Scene: Family is in the kitchen. Parents announce where they will all go for dinner. Teen daughter stomps off, goes to her room and slams the door. Parents are baffled.
Does this sound familiar? What's with the stomping and slamming? They're going out for dinner. What's wrong with that?
Imagine that you are the 13-year old daughter, and yet again, nobody has asked where you want to go. No, it's not the end of the world.
But for this girl it's just one more example of how decisions have been made around her and rarely with her, especially about things that involve her. Her parents love her deeply, and have unknowingly made her feel unimportant.
Of course there are decisions that must be made only by parents. There are also countless situations in which to include your teen. Why?
It will work wonders on your relationship when your child feels heard.
They feel their opinion is of value.
It's important to be recognized as a contributing member of the family.
You learn about their likes, dislikes and perspectives.
They have practice expressing, and sometimes defending, an opinion.
The benefits of soliciting their opinion? Priceless.
What is a decision for which you can ask for their input?
P.S. I love to help parents prepare for the teen years, instead of making it up as you go. Contact me to schedule your complimentary consultation at firstname.lastname@example.org or join my private FB group HERE.
Fern Weis is a certified life coach who learned that caring and good intentions are not enough in parenting.

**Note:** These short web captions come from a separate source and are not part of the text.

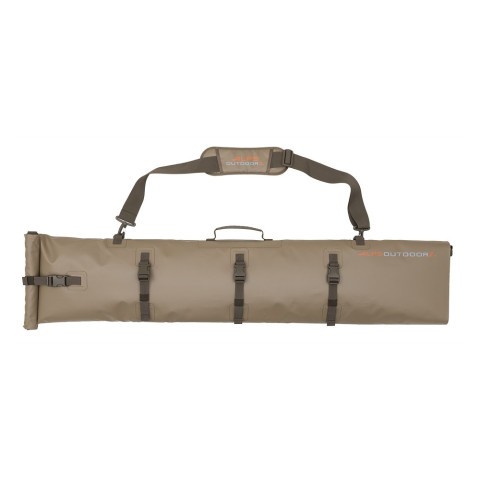 Alps Outdoorz Waterproof Rifle Case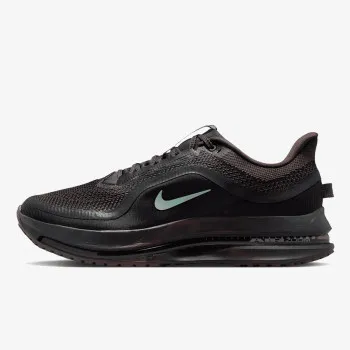 Nike Patike NIKE PEGASUS PREMIUM 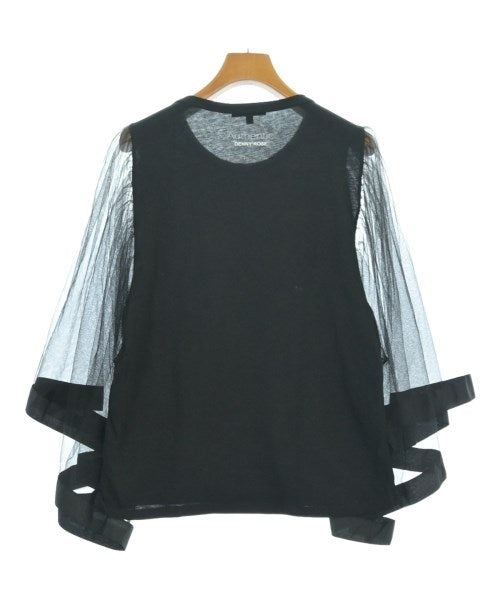 DENNY ROSE เสื้อยืด/เสื้อท็อปส์
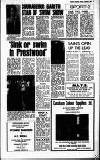 Buckinghamshire Examiner Friday 03 October 1975 Page 7
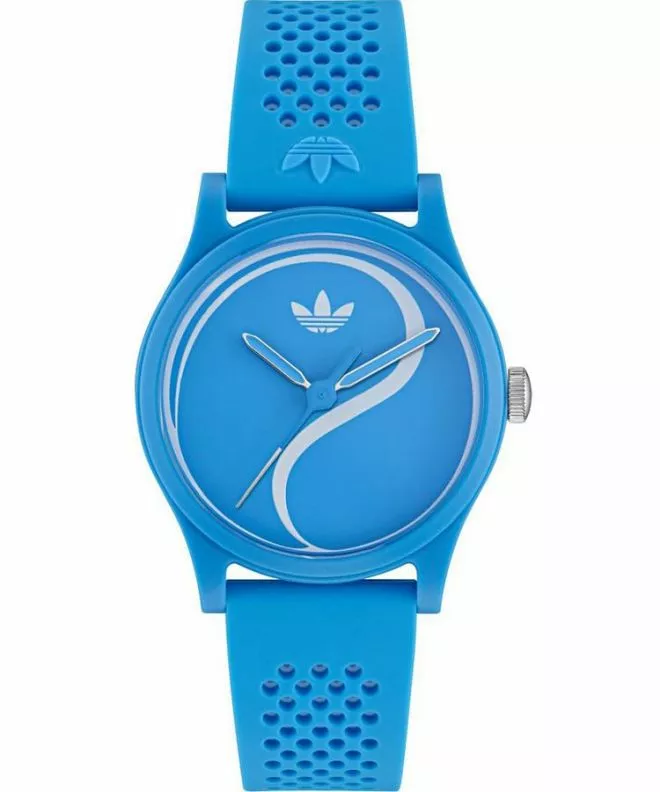 Zegarek adidas Originals AO Style Game Two AOSY25520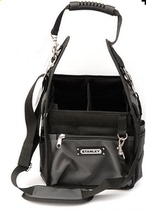 Stanley Electrician Kit 95-268-23 Single Shoulder Kit 240 * 230 * 395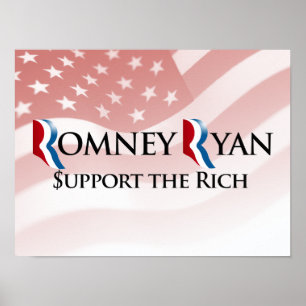 POSTER SOUTENEZ LES RICHES - .PNG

In fact, they are often the problem! Fern supports parents of teens and young adults who are going through difficult situations, including addiction recovery. She helps parents release guilt, end enabling and confidently prepare their children to thrive through life's challenges. Her articles are featured in Thrive Global, Medium, Motherly, The Teen Mentor, and Bergen County Moms.
Learn more about coaching and classes at www.fernweis.com. And then download your free guide, "Five Powerful Steps to Get Your Teen to Talk." For information on Family Recovery programs, visit www.familyrecoverypartners.com.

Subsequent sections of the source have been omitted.